While I listened to the clip, I mentally made note that YES, Christmas WAS as good as I remembered. The Christmas memories made with the Roberts reel to reel tape recorder (pictured above left) are priceless to me today.
While this blog is typically about learning, I’ll try to tie that in now. I am following Will Richardson and Bruce Dixon‘s Change School movement and listen to their Modern Learner’s podcast. Their latest episode deals with the vocabulary that we are using in education and how words we use DO matter. How ARE we narrating our story? Is it authentic? Do we give lip service to progressive ideas about learning but then go back to our old ideas when no one is hearing us anymore? Are we putting on a show for the recorder (social media)?
Are we encouraging student choice, voice and agency? Or are we “covering the curriculum” instead of encouraging conditions by which students WANT to think critically about solving problems in our world? Granted, it’s hard to work against a system stacked squarely against what educators think is best for kids but actions speak louder than words.
Change cannot happen overnight, but I’d rather everyone at the table be real about what is really happening in our schools. While we yearn for students to exhibit higher order thinking skills and agency in their own learning, we all need to stop creating a false narrative that students will “obtain 21st Century skills” while perpetuating a school system that has largely stayed the same for over 100 years.

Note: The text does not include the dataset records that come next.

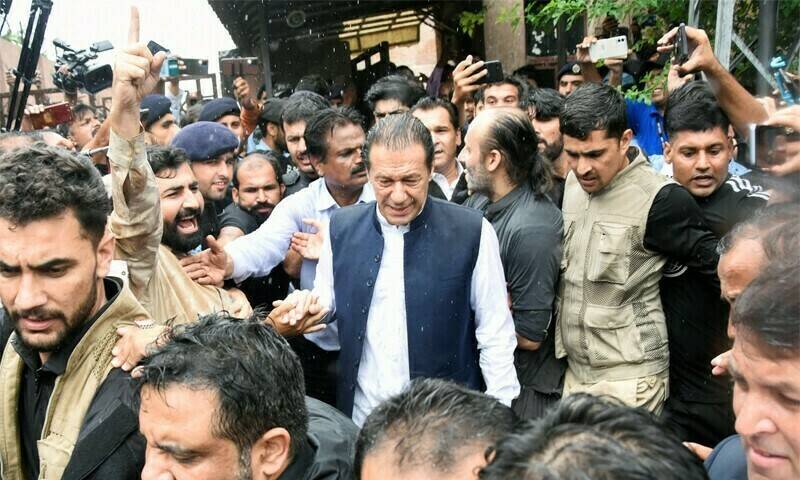 Imran Khan approaches IHC to suspend Toshakhana case verdict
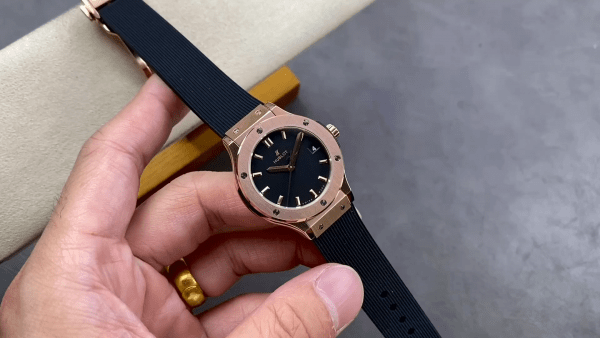 Hublot Classic Fusion Or King 542.OX.1181.RX 42mm – Image 2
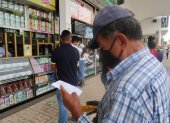 Panorama. En Guayaquil, decenas de personas buscan medicinas que no encuentran en los hospitales.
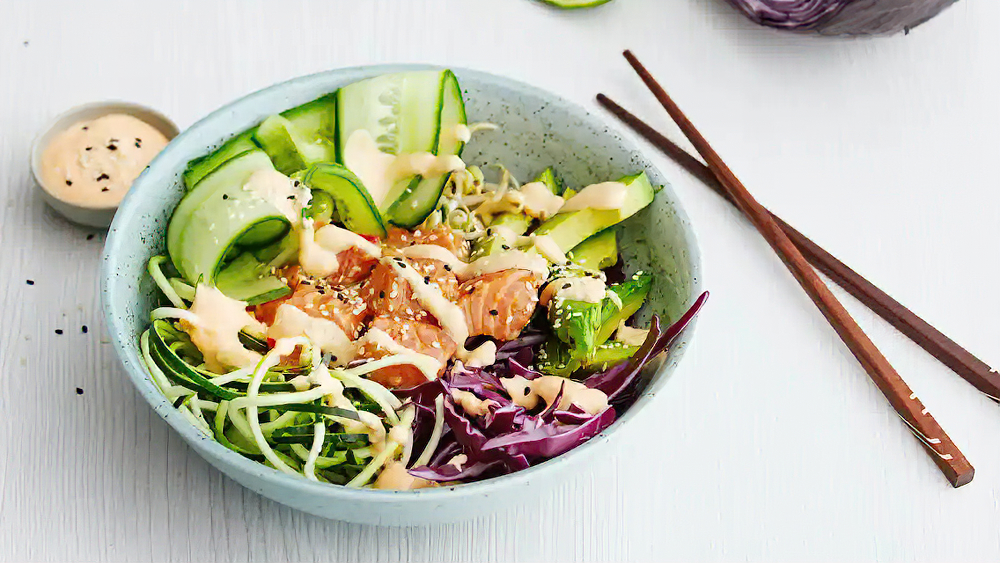 Receta poke bowl de salmón y espaguetis de calabacín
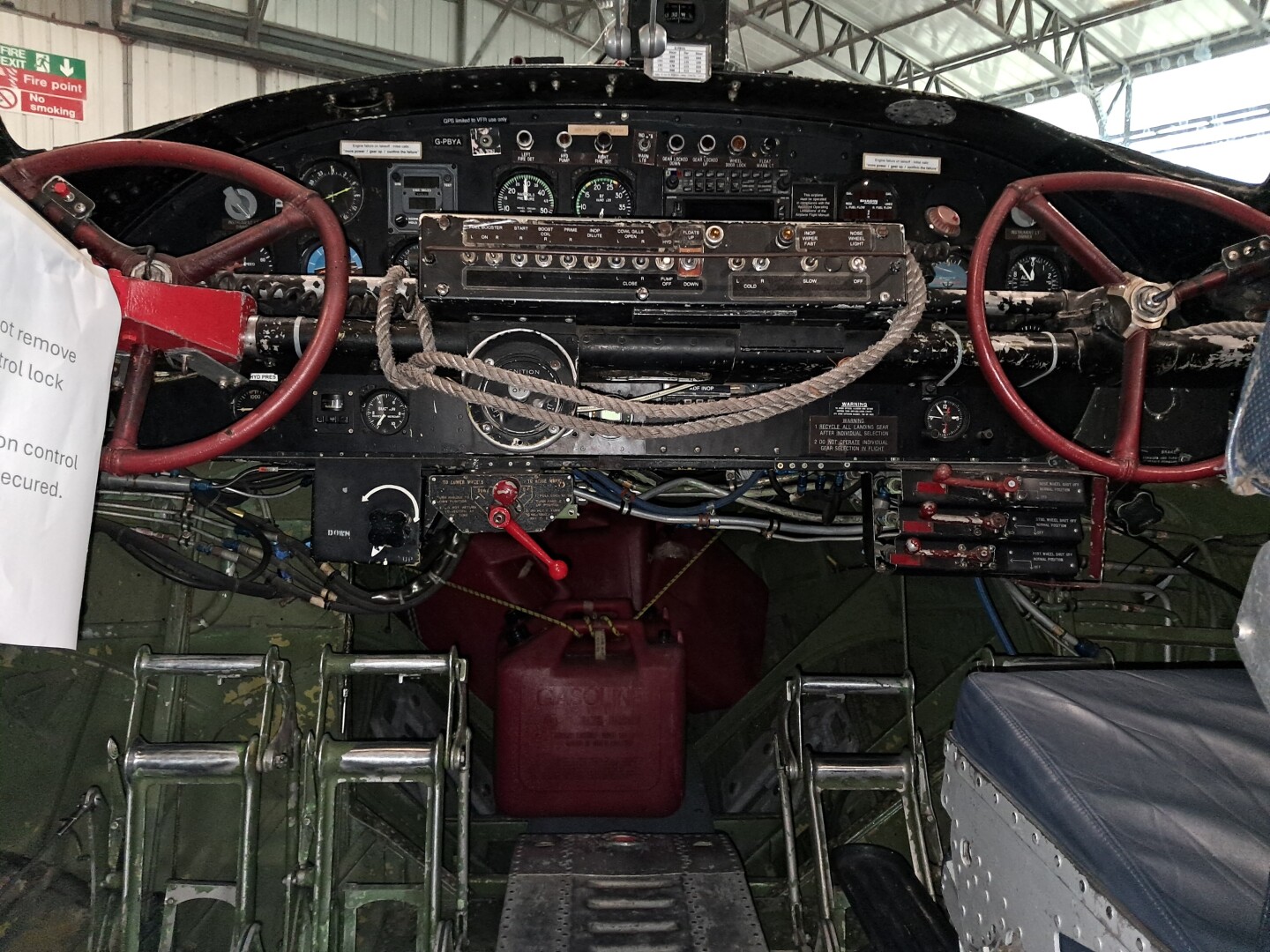 [Linked Image]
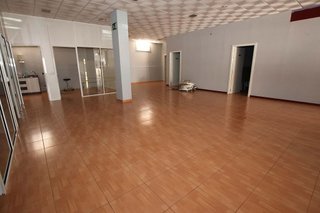 Local comercial en venta en Montijo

As stated on the Change.School website, “Long-term, relevant, sustainable change requires you to thoroughly reimagine what schools are and what they must become, not just tinker on the edges.” Change is hard. It can be done but it cannot be done ALONE. We all need to collaborate and be on the same page to make it happen. Will you join me?What will you do to take the first step? I’ll be pondering this over the next few days in time to make some New Years resolutions.